# Guts (berserk) vs Deneve (Claymore)



## Oceania (Mar 11, 2011)

Its been awhile since I made a thread so here it goes!!!!!

Guts


VS

Deneve


Both are bloodlusted
Guts has full use of Berserk armor
Battle takes blace in a heavily forest area. Who wins!


----------



## willyvereb (Mar 11, 2011)

While I admit that Guts is the better character by far but he still doesn't have the speed to compete with Claymores. Worse you picked the regenerators of the Ghosts. She can flash-regenerate from almost anything save decapitation or outright blowing her up. To add she wields two swords at the length of Guts' Dragonslayer. Guts starts with hefty of disadvantages.


----------



## Oceania (Mar 11, 2011)

willyvereb said:


> While I admit that Guts is the better character by far but he still doesn't have the speed to compete with Claymores. Worse you picked the regenerators of the Ghosts. She can flash-regenerate from almost anything save decapitation or outright blowing her up. To add she wields two swords at the length of Guts' Dragonslayer. Guts starts with hefty of disadvantages.



Some valid points.... hince is why the battle takes place in a heavily forested area. Its supposed to limit the movements of both characters swords.

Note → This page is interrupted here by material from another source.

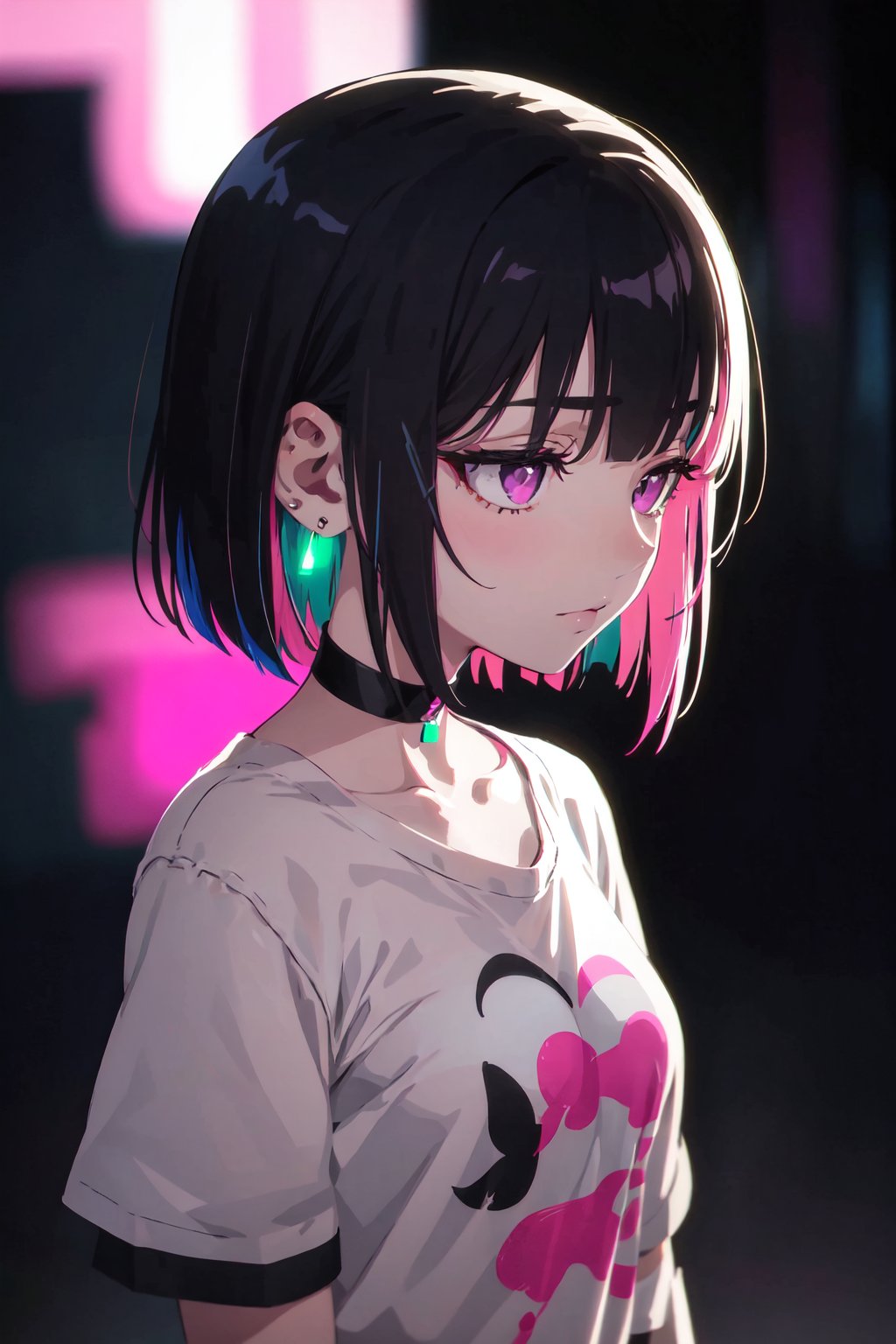 Original Character, Volumetric Lighting, Best Shadows, Shallow Depth of Field, Highest Quality, Amazing Details:1.25), Brilliant Colorful Painting,

,hanabushi,

,1girl, black hair, bob cut, choker, colored inner hair, earrings, half-closed-eyes, jewelry, looking afar, medium hair, multicolored hair, neon lights, pink hair, purple eyes, shirt, solo, two-tone-hair,  grey_shirt, short_sleeves, wide_sleeves,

Maybe I should add that guts can use his other weapons aswell.  I like Guts more aswell but Deneve does have some good qualities about her too.


----------



## Red (Mar 12, 2011)

Off topic: Is that the absolutely best picture you could find of Deneve? 

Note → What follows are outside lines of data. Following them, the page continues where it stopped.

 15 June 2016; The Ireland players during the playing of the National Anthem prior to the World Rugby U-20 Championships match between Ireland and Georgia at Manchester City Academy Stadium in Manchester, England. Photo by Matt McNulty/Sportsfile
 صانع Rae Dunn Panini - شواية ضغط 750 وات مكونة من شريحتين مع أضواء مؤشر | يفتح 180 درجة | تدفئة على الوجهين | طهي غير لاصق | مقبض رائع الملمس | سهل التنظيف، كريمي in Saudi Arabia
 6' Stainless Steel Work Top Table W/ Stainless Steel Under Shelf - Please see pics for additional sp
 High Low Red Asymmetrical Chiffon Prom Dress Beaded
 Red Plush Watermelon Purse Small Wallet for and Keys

On topic: I'm siding with Deneve. I do think that Berserk Armor Gutts can keep up and go toe to toe with Deneve but since is a regenerator and Gutt's Berserk armor hurts hm over time, I'd say that Deneve wins by out lasting him with more stamina.


----------



## willyvereb (Mar 12, 2011)

So...suddenly Guts became hypersonic? That's quite new to me.
Deneve and the rest of the Ghosts are so fast that even single digit Claymores can't follow their movements.


----------



## Blade (Mar 12, 2011)

Guts with Berserk Armor can be dangerous for Deneve, but his main disadvantage is his speed level. Deneve is easily much faster than him and along with her high level regeneration, she can win with low-mid difficulty.


----------



## Red (Mar 13, 2011)

willyvereb said:


> So...suddenly Guts became hypersonic? That's quite new to me.
> Deneve and the rest of the Ghosts are so fast that even single digit Claymores can't follow their movements.


Deneve has no speed feats.


----------



## Oceania (Mar 14, 2011)

Red said:


> Deneve has no speed feats.



If anything she way stronger than berserk armor guts!


----------



## Berserkhawk z (Mar 14, 2011)

FormerAbyssalone said:


> If anything she way stronger than berserk armor guts!

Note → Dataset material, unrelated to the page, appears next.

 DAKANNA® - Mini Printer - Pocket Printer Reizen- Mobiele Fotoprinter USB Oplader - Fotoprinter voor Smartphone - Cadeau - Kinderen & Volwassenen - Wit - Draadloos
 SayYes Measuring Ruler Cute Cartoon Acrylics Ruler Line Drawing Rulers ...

Based on what strength feats?

Also wrong section.


----------



## Devil Kings (Mar 14, 2011)

Red said:


> Deneve has no speed feats.



She on par with Clare.


----------



## Crimson King (Mar 14, 2011)

Berserkhawk z said:


> Based on what strength feats?
> 
> Also wrong section.



Based on her casually killing Awakened Beings.


----------



## Red (Mar 14, 2011)

Devil Kings said:


> She on par with Clare.


Only in foot speed, which isn't supersonic.


----------



## willyvereb (Mar 15, 2011)

LoL, are you reading the same manga Red?
Claymores are accepted to be well above supersonic levels since quite some time ago. Better, few chapters back the Ghosts moved so fast that even the single digit Claymore couldn't see their fight. We also have Clare who can outrun a pissed off Riful and those are all for Claymores without even seriously releasing their Youki.
Deneve is the member of the 7 Ghosts. You can bet she's in the hypersonic range.


----------



## Red (Mar 15, 2011)

willyvereb said:


> Claymores are accepted to be well above supersonic levels since quite some time ago.


 There are no concrete supersonic movement feats with the exception of Maria who can keep up and block the quicksword.



> Better, few chapters back the Ghosts moved so fast that even the single digit Claymore couldn't see their fight.


Single digits of the present era have no speed feats of any kind.



> We also have Clare who can outrun a pissed off Riful and those are all for Claymores without even seriously releasing their Youki.


I remember the chapter, but I'm pretty sure Riful wasn't moving at full speed.

IIRC it was a wooded area and Clare suppressed her youki and dodged between to foliage so of cource Riful wasn't moving at her fastest.



> Deneve is the member of the 7 Ghosts. You can bet she's in the hypersonic range.


I disagree. Maria's the only confirmed person who can move hyper-sonically on the account of how she can block each of Clare's windcutter/quicksword attacks.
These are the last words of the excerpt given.